New EU Sanctions on Russia Over Ukraine Go Into Effect; U.S. Plans Similar Action

Ukraine and pro-Russian forces swap prisoners; Russia's Lavrov says nation will react appropriately.

Reuters

New European Union sanctions against Russia, designed to pressure the country to back off its conflict with Ukraine, went into effect, with Russian Foreign Minister Sergei Lavrov saying the move undermines efforts toward peace.

The U.S. was scheduled on Friday to announce its own set of sanctions, with President Barack Obama saying they would target Russia's financial, energy and defense sectors, reports say.

Meantime, late Thursday Ukrainian and pro-Russian forces exchanged prisoners, a swap overseen by international observers.

The EU and U.S. accuse the Kremlin of directly helping pro-Russian separatists in Ukraine's Donetsk and Luhansk regions, a charge Moscow denies, the BBC reported.

The five-month conflict between Ukraine and pro-Russian separatists has killed more than 3,000 people. A cease-fire went into effect September 5.

The BBC reported that the sanctions block the export of services to Russia's oil industry and restrict certain big Russian banks' access to loans. Another two dozen people who the EU says are "involved in actions against Ukraine's territorial integrity" were subject to an asset freeze and travel ban. Some 119 people have now been similarly sanctioned by the EU.

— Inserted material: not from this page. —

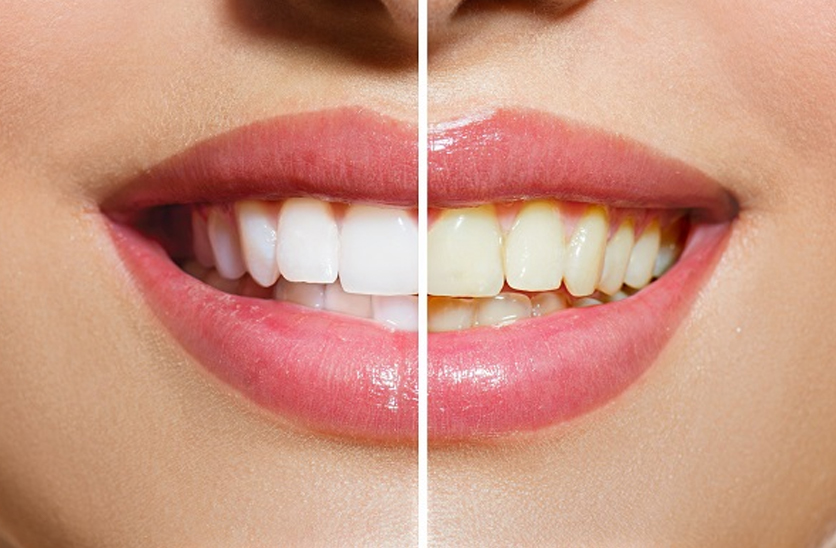 Răng sứ kim loại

Lavrov was quoted by the BBC as saying that the country would react to the new sanctions "in a calm and appropriate way, first and foremost, proceeding from the need to defend our interests."

For Ukraine's part, President Petro Poroshenko said on Friday there could be no military solution to his country's crisis, Reuters reported. He said he hoped that the "very fragile" ceasefire in the east would hold, enabling him to focus on rebuilding the shattered economy.